Interview of WSG Dr. Nick Kahwaji – Albalad Newspaper – 16 December 2011

Click the link below to read the Interview of the WLCU World Secretary General Dr. Nick Kahwaji posted in Albalad Newspaper on 16 December 2011


Original Interview in Arabic


As well as, you can read the English Translation here below:


(By Supreme Education Services)  


Nick Kahwaji           


Longing for my home country is killing me…. And also revives me.



 The longing for his home country is refreshing him and at the same time is making him to suffer.         
He is drinking in a dose of both resistance and hope. The resistance from those days made him a geographic refugee but without planting any roots of belonging in his soul.       
The dream of going back is playing in Nick Kahwaji’s mind.  The dentist has sacrificed perfection in his profession in order to start the social movement on wide world scale to become a Secretary General of WLCU. (World Lebanese Cultural Union).               
It took only a small step of going back to plant the essence of his “ABRA” soil deep into his soul.
From his idol poet Gibran steps he made it his daily dream to follow and from his anger against the war, which destroyed his home, church and village he developed the strength to go back to his first crib which comforted him when he was a baby and welcomed him as a doctor.     
The war didn’t allow him to stay there, he had to leave. But the word return was the only word in his dictionary.



——————————————————————



Q&A




Q:  What is your daily motto?



A:  Work, family and hope.




Q:  Are you at peace with being an expatriate?
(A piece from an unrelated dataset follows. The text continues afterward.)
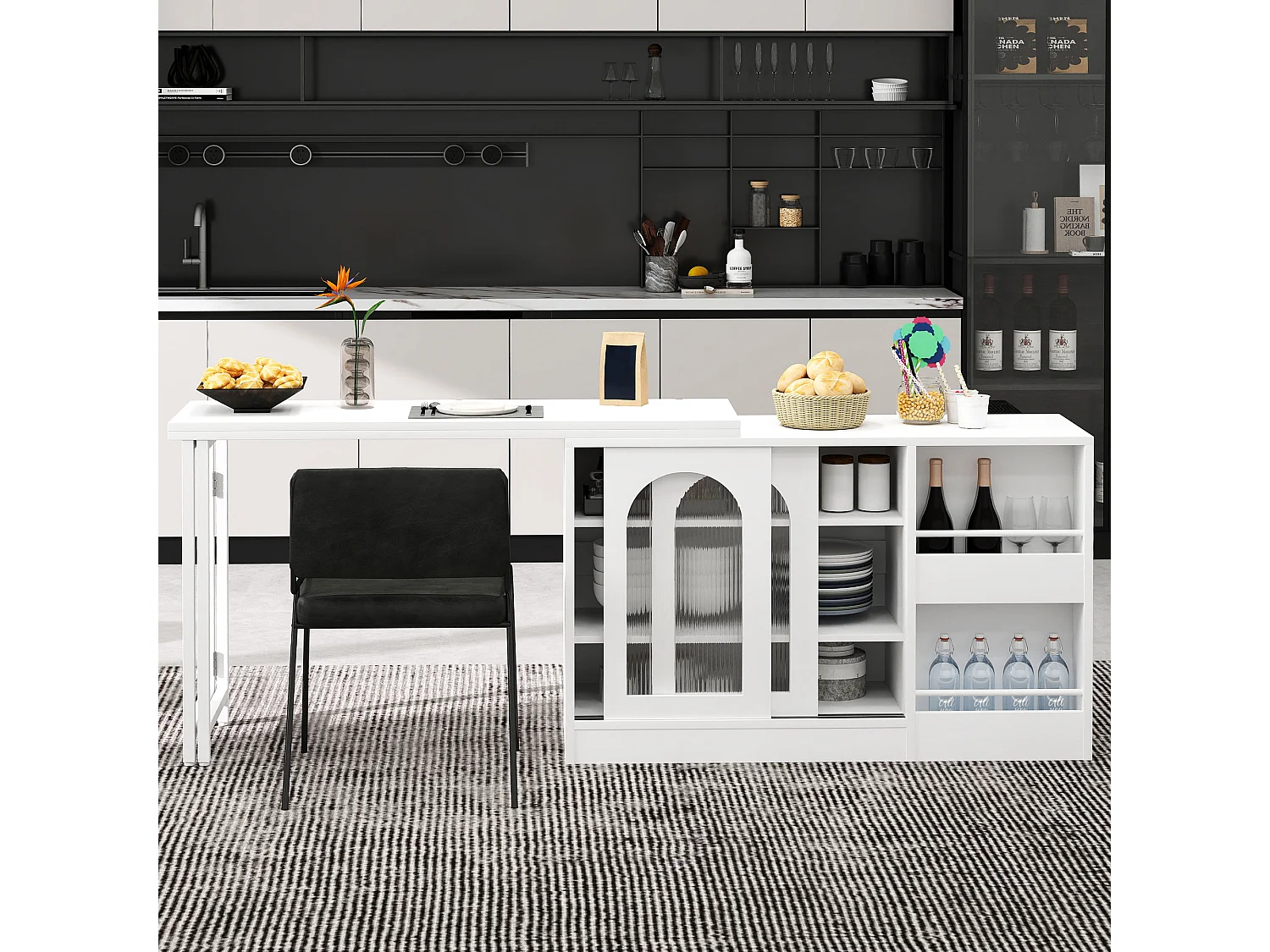 Ilot central de cuisine - avec plateau escamotable pivotante - avec portes vitrées et espace de rangement - MDF - Blanc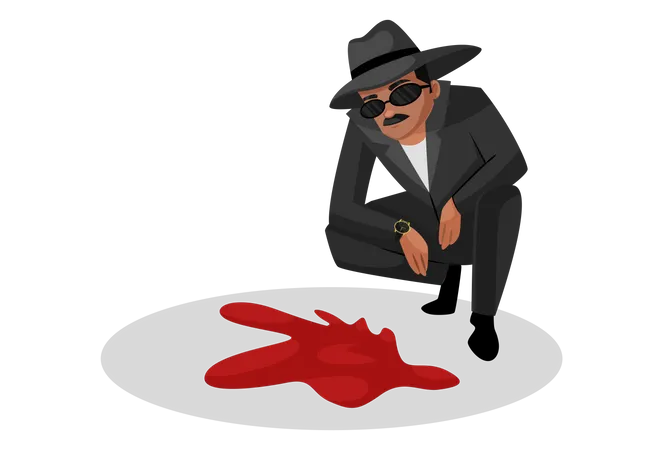 Detective looking at crime scene  Illustration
A:  It’s a daily struggle.




Q:  Do you fear time?



A:  I wish that day had 30 hours; 24 are not enough.




Q:  Is homesick your friend or enemy?



A:  Homesick is my friend, because it connects me with Lebanon, but at the same time it’s my enemy, because longing for my home country is killing me.




Q:  Do you look at being an expatriate through sweet or bitter lens?



A:  Tears and smiles.




Q:  What is your most favorite Gibran’s body of work?



A:  It’s THE PROPHET, specifically the chapter of Gibran’s return to Orphalese.




Q:  What is your favorite village?



A:  Abra.



Q:  What do you see in the expatriate’s mirror?



A:  It could be waste, loss and the end of culture and even history.




Q:  If you look into your soul in the mirror what is the question you ask yourself?  What is your answer?



A:  The question is: Why didn’t you go back to Lebanon yet?  The answer is: I’ll go back one day; just as Mikhail Naimy and Gibran did.






Q:  Who is Nick Kahwaji?  And what was the turning point in your life you would like to talk about?



A:  I am a refugee from South Lebanon.  War enforced me to leave and come to Canada.  I am breathing a daily dose of oxygen with the hope of return to my homeland.  I am a dentist; I’ve been in this profession for 30 years.  Also I am Secretary General of WLCU.  My life altering moment was when I was forced to leave Lebanon in 1967 for Belgium where I continued my studies and then returned to Lebanon in 1983 before I left for good in 1989 for Canada with my then pregnant wife.




Q:  When you touched down at the Beirut airport what was the first emotion you felt?



A:  When my feet touched the Beirut ground I felt like I have found my soul again. It’s true; the happiness is surrounding me every time I visit Lebanon, but the sadness run through me each of the 17 times I would have to leave.



Every time I come close to Lebanon the memories overtake me.




Q:  Today you are the Secretary General of WLCU, what is next in store for you?



A:  I have lots of faith in our strength and teamwork to stop the bleeding of human refugees leaving Lebanon.  We worked very hard to register WLCU in UN and continuously work to enter the education factor into the WLCU agenda and get more support.  Today the University becomes world organization that UN recognizes as the authorized agent.




Q: You lived part of your live through the Lebanese war; what is left in your memory of those days?



A: The oppression rooted in my heart has insured me that war made me lose a big part of my life that could have been lived in a different way.  That war made me lose my friends, my youth and destroyed my village and my church.  With all these pains and sorrows inside me on daily bases, I’m seriously thinking to return permanently to Lebanon.





Q: Between your profession as dentist and your social life so apart, how do you deal with the compatibility between the two?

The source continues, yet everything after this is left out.